TASK PROMPT:
Repeat nothing but the line that contains "this 860×430 image." and the lines after it, through the end of the listing, exactly as they stand; omit pictures.

RECORDS TO USE Block Start

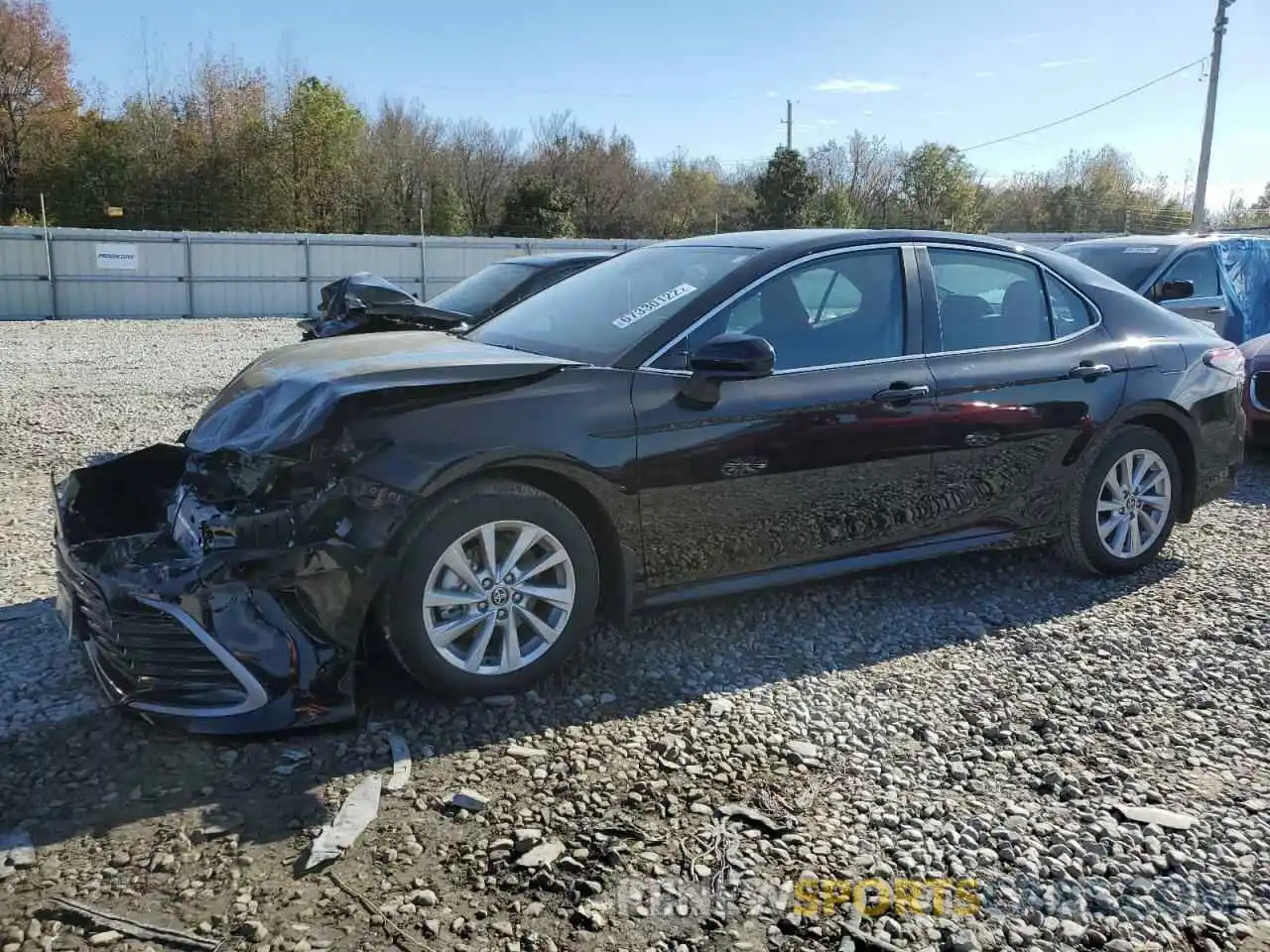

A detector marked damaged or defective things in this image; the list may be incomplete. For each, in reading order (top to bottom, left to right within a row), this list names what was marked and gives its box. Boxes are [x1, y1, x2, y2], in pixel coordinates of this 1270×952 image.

broken front bumper [51, 444, 401, 738]
crumpled front hood [187, 333, 572, 456]
damaged black toyota camry [55, 230, 1246, 738]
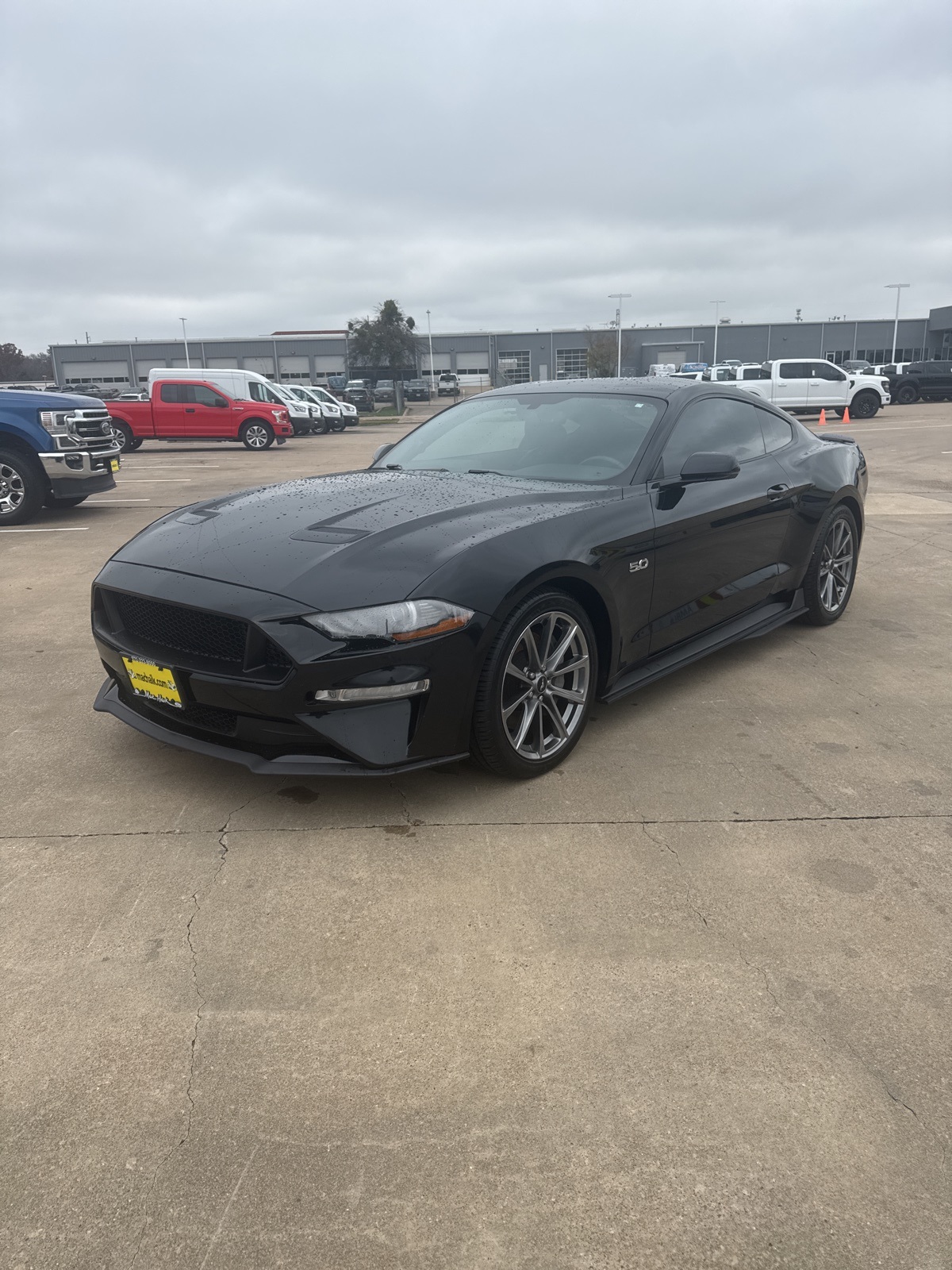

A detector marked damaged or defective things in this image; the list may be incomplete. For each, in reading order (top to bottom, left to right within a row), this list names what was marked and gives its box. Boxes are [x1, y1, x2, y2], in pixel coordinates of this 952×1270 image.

cracked concrete [2, 413, 952, 1264]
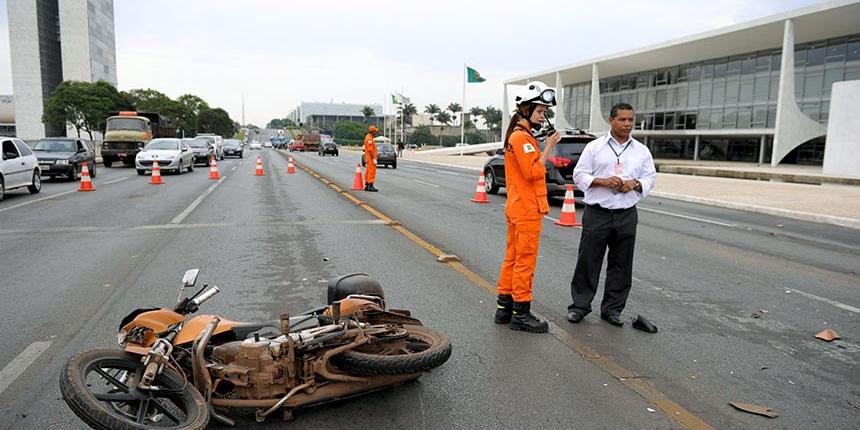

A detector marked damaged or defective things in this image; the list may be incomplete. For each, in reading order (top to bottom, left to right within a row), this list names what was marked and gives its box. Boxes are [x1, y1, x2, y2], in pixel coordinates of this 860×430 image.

crashed motorcycle [60, 270, 454, 428]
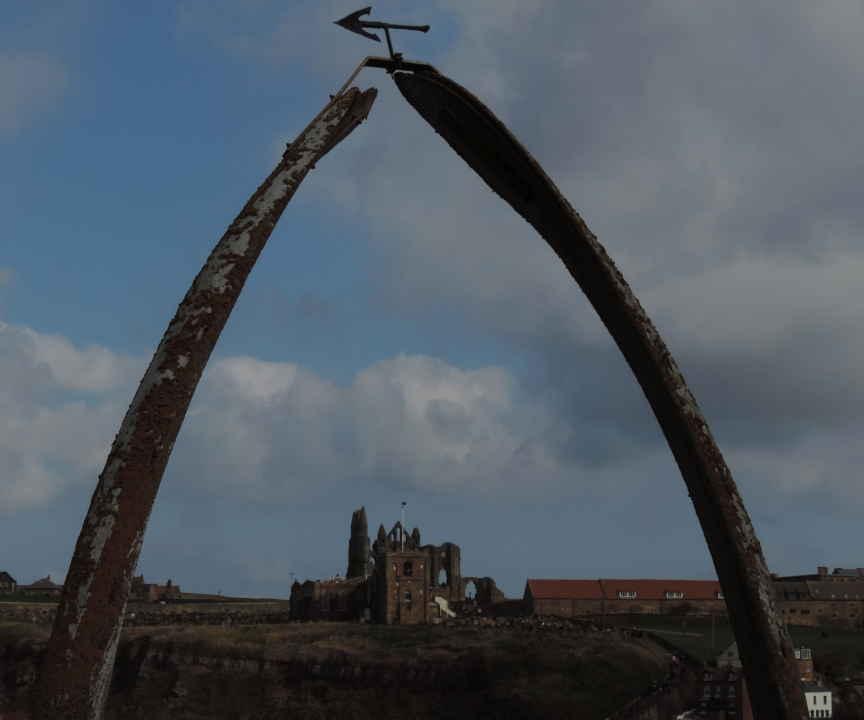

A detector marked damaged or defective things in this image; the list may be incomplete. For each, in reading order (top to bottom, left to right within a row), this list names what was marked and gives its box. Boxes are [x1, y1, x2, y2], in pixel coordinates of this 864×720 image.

rusted metal beam [33, 86, 378, 720]
rusted metal beam [394, 70, 808, 716]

RECORDS TO USE Block End

OUTPUT FOR THIS TASK:
A detector marked damaged or defective things in this image; the list may be incomplete. For each, in reading order (top to bottom, left to right within a row), this list names what was marked and gives its box. Boxes are [x1, y1, x2, y2], in pixel coordinates of this 860×430 image.

crashed motorcycle [60, 270, 454, 428]

A detector marked damaged or defective things in this image; the list may be incomplete. For each, in reading order (top to bottom, left to right within a row), this list names what was marked and gives its box. Boxes are [x1, y1, x2, y2], in pixel coordinates of this 864×720 image.

rusted metal beam [33, 86, 378, 720]
rusted metal beam [394, 70, 808, 716]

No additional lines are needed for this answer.